When loading data, call enumerate(dataloader) to create an iterator of DataLoader each time. Here, as many worker_processes as specified in the num_workers argument are created. Then, dataset , collate_fn, and worker_init_fn are delivered to each worker. After the worker is initialized, data is fetched.

This means that internal I/O and transformation (including collate_fn) are executed in worker_process with dataset access.

Iterating DataLoader

Actually, when fetching data from multiple workers, torch.utils.data.get_worekr_info() is used. This function returns the following items.

  • worker_id
  • dataset replica
  • initial seed
  • .etc

In main_process it will return None. Pytorch developers use this function in their dataset code or worker_init_fn to determine whether the code is running in a worker_process . Then , developers configures individual dataset_replicas.

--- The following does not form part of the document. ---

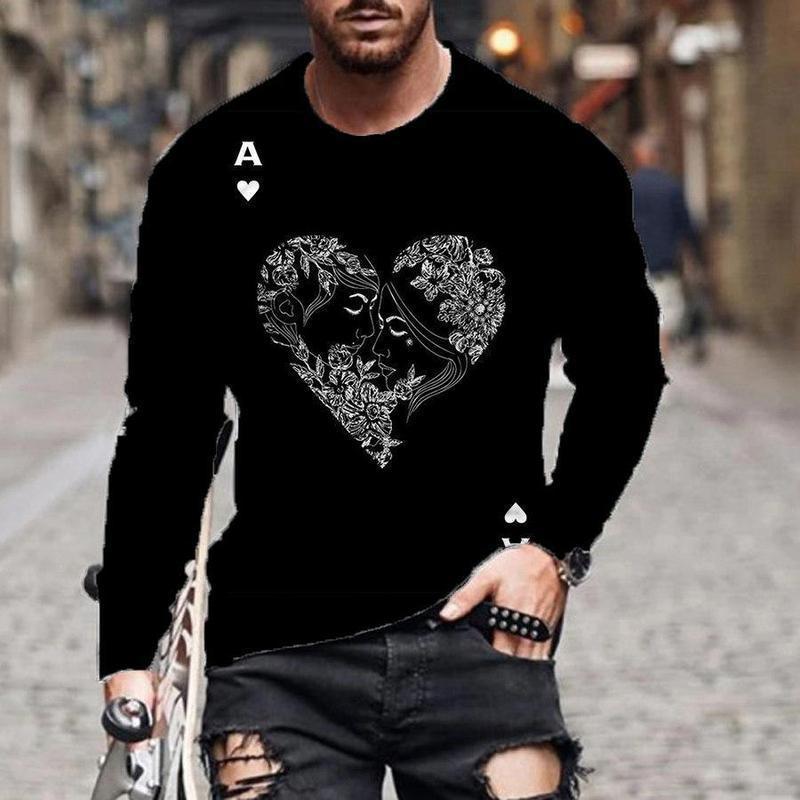 Casual Men Poke Design Long Sleeves T Shirts-Men's T Shirts-10-S-Free Shipping Leatheretro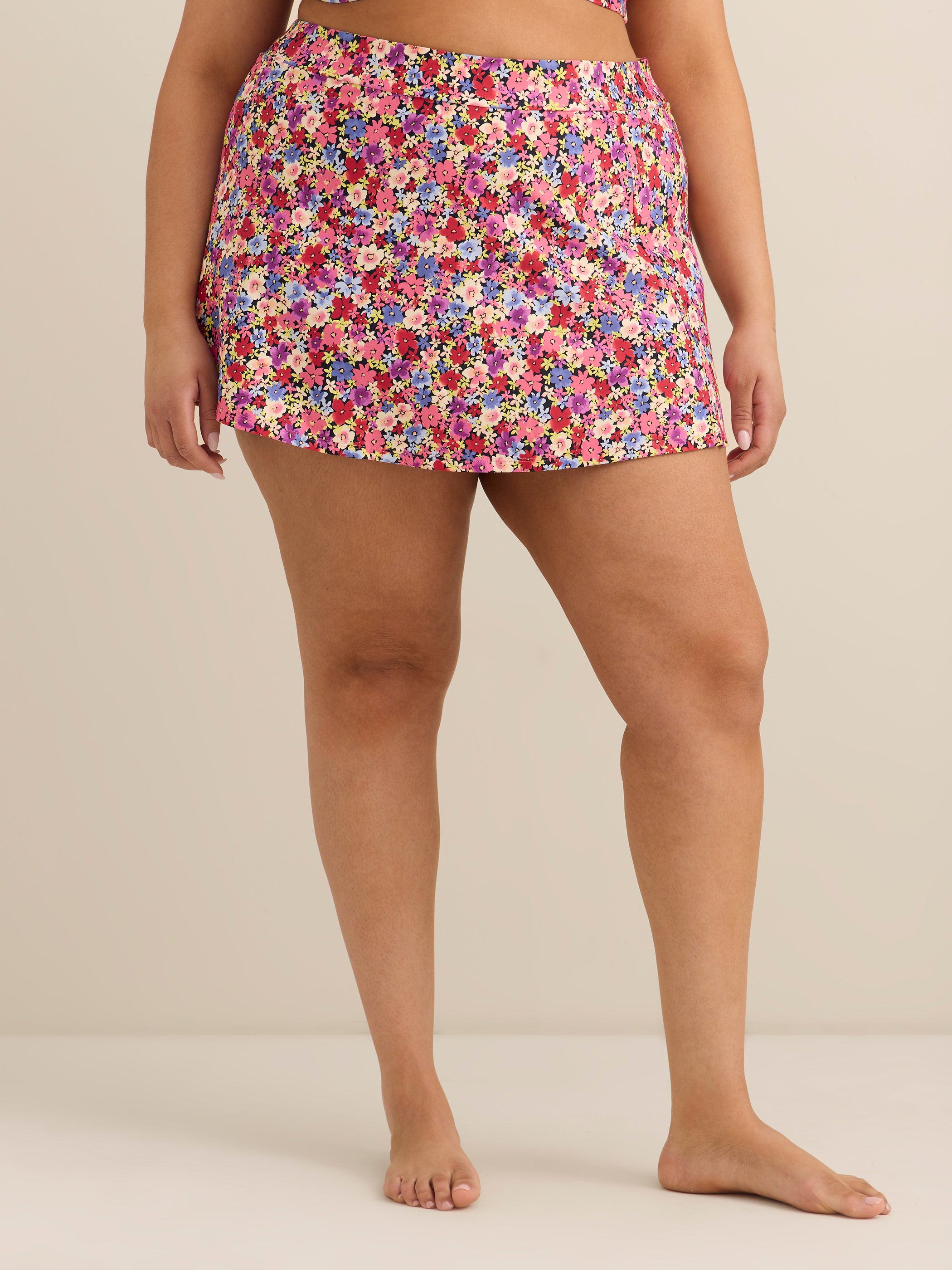 Printed High-Waist Swim Skirt With Built-In Brief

In particular, it is said to be helpful for data sharding.

Map-style

If you create multiple subprocesses on the map-style dataset, you create indicies using samplers and deliver them to each worker. Shuffling in the sampler is performed in the main process. That is, the main process assigns the indicies shuffled to the worker to load the data in data loading . Let’s take a look at the code example below.

import torch

class MyMapDataset(torch.utils.data.Dataset) :
    def __init__(self , start , end) :
        super(MyMapDataset).__init__()
        assert end>start , "this example code only works with end> = start"

        self.start = start
        self.end = end 
        self.data = list(range(self.start,self.end))
    def __getitem__(self,idx) :
        
        worker_info  =torch.utils.data.get_worker_info()
        worker_id = worker_info.id
        print(f"worekr_id : {worker_id} data : {self.data[idx]}\n")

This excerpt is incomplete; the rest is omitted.